Nel 1945 Arthur C. Clarke- autore di “2001: Odissea nello spazio”- in un articolo pubblicato sulla rivista “Wireless World” ed intitolato “Can Rocket Stations Give World-wide Radio Coverage?” propose l’utilizzo dei razzi, come quelli utilizzati nell’allora appena trascorsa Guerra Mondiale, per scopi pacifici. La sua idea “fantascientifica” era quella di lanciare in orbita dei satelliti artificiali per le telecomunicazioni. Vent’anni dopo il sogno divenne realtà: venne lanciato in orbita geosincrona (cioè una qualsiasi orbita sincrona attorno alla Terra, tale che il periodo orbitale del corpo che la percorre sia pari al giorno siderale terrestre) Intelsat I, il primo satellite per comunicazioni commerciali. In onore del celebre scrittore, l’orbita geostazionaria (caso particolare di quella geosincrona essendo un’orbita circolare ed equatoriale) prese il nome di “Fascia di Clarke”.

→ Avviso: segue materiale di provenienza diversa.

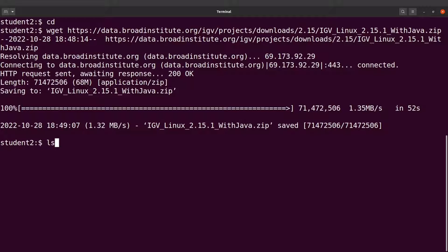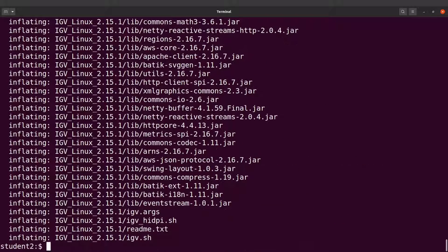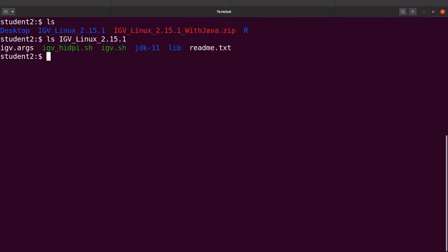The download is done. If we do an ls we can see the zip file. Next I'll extract the contents using unzip and specify the file name. After extraction, doing an ls shows a directory containing the binary. Inside the directory you'll also see the Java version that comes with the package, and the script used to open IGV is igv.sh.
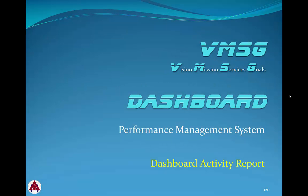In this module, we'll show you the Dashboard Activity Report. This report is used to determine the last time each user has done anything in the system and the last time they actually updated their assigned objectives and activities in the dashboard.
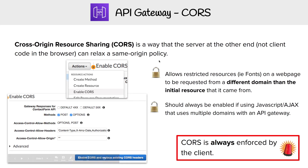Just understand what CORS is: CORS is these headers that say this domain is allowed access to run these things from this location. CORS is always enforced by the client — meaning the browser. The browser is going to look for CORS headers, and if it has them, it will proceed accordingly.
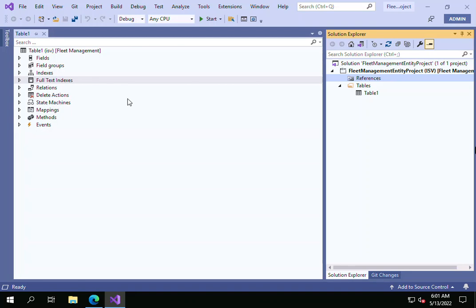Hello everyone, welcome to my channel. Today I'll give you a quick tip where you can build and synchronize your project automatically at the same time. I have created one table, and I want to build and synchronize this table simultaneously.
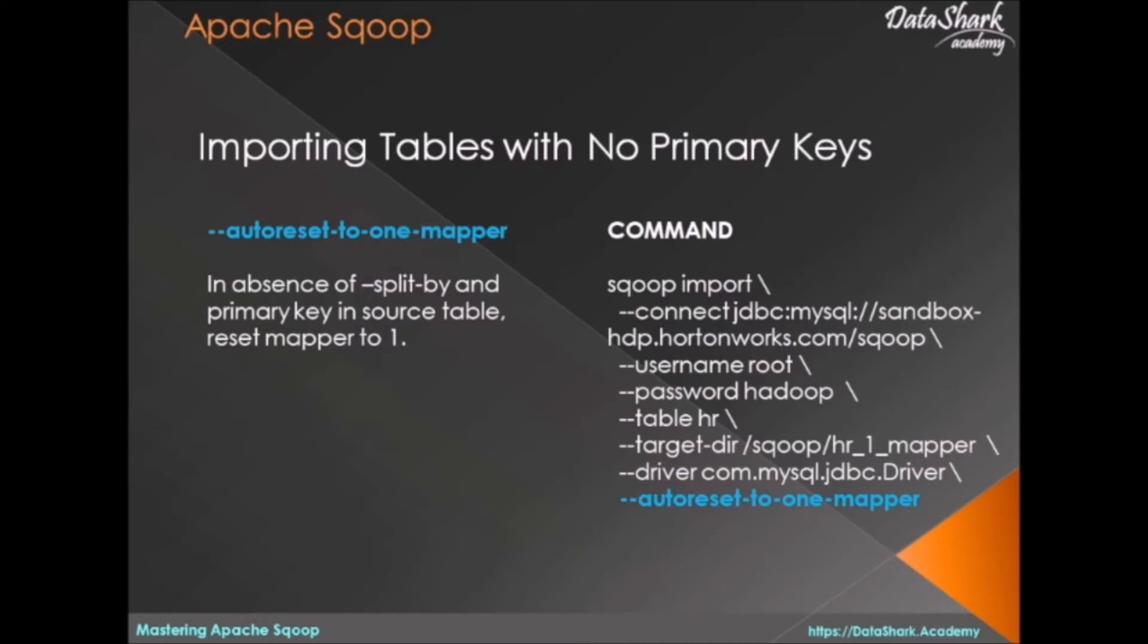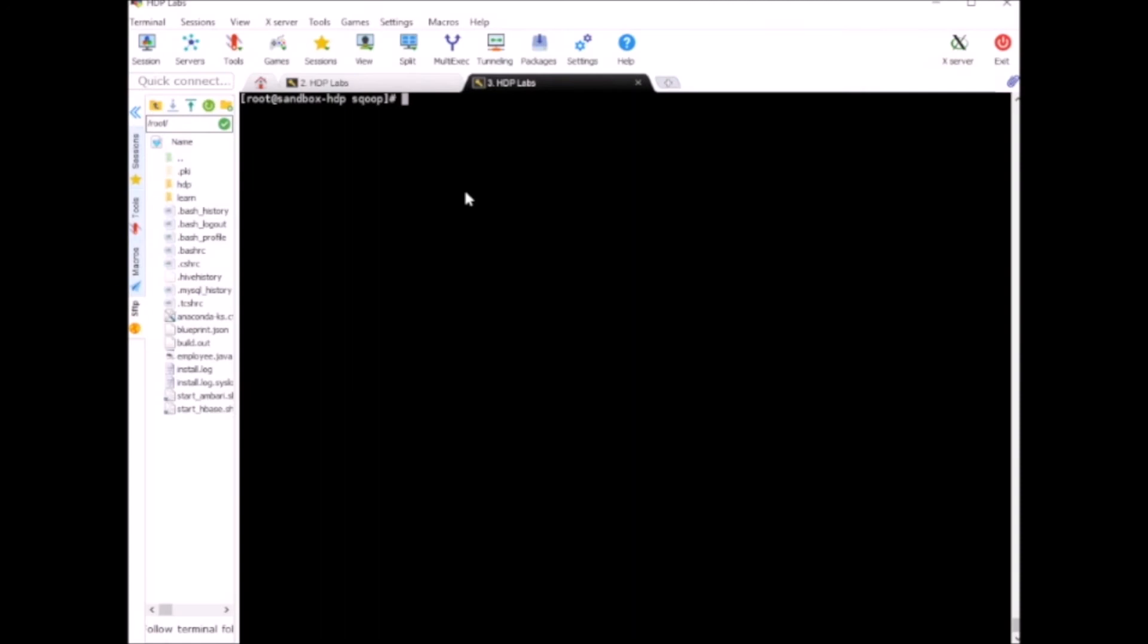Let's try this on the HR table, which is our non-primary key table, and see how this works. Alright, so let's write the command.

Come lo stesso Clarke aveva previsto, il campo delle comunicazioni si è evoluto molto.
Non solo siamo in grado di lanciare un satellite nello Spazio, ma siamo addirittura riusciti a mettere in orbita contemporaneamente più satelliti creando così una flotta satellitare. Queste costellazioni possono avere scopi differenti: navigazione (come il Sistema di Posizionamento Globale GPS), telefonia mobile, telecomunicazioni militari, connessione ad Internet a banda larga.
L’idea della costellazione satellitare nasce da problemi legati proprio alla copertura:
un satellite geostazionario (GEO) è in grado di coprire circa un terzo della superficie terrestre perché muovendosi con la stessa velocità di rotazione della Terra, copre sempre la medesima zona relativamente ampia. Quindi tre satelliti GEO spaziati di 120° possono coprire l’intera superficie del globo, escludendo le latitudini elevate. E’ evidente che le costellazioni geostazionarie richiedano un ridotto numero di satelliti. Purtroppo, soffrono di forte ritardo di propagazione e i terminali terrestri necessitano di potenze maggiori e di antenne più grandi.

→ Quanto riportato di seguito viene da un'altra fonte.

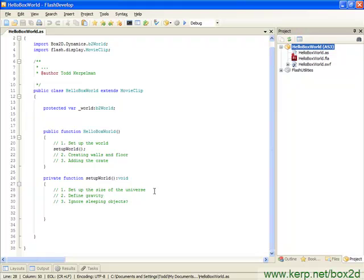So now that we know all about these two new classes, let's get back to the task at hand, which is setting up the size of the universe.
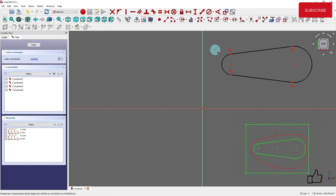So you can see the power and efficiency of this polyline. I'd like to end this tutorial at this point. Keep using the polyline in FreeCAD sketcher. Thank you.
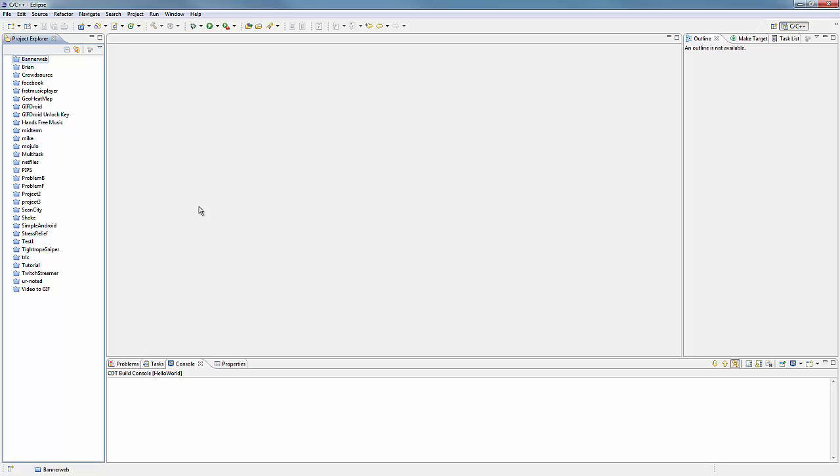Hey guys, what is up? This is my first C++ tutorial. I'm used to doing Java and C# tutorials, but I decided to try something new with C++.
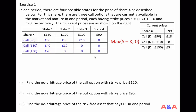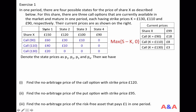There are four states and we have four assets. Their payoffs and current prices are known, so we can compute the theoretical prices of Arrow securities, or state prices. Denote the prices of four state contingent claims as P1, P2, P3, and P4 respectively.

Per questi motivi, le più moderne reti satellitari fanno riferimento all’orbita terrestre bassa (LEO), e richiedono l’impiego di numerosi satelliti perché l’area di copertura continua di uno di essi è relativamente piccola.
L’idea di una copertura continua sull’intero globo è stata abbracciata con entusiasmo dalla SpaceX che prevede di dare l’accesso a Internet satellitare globale in banda larga per il 2027.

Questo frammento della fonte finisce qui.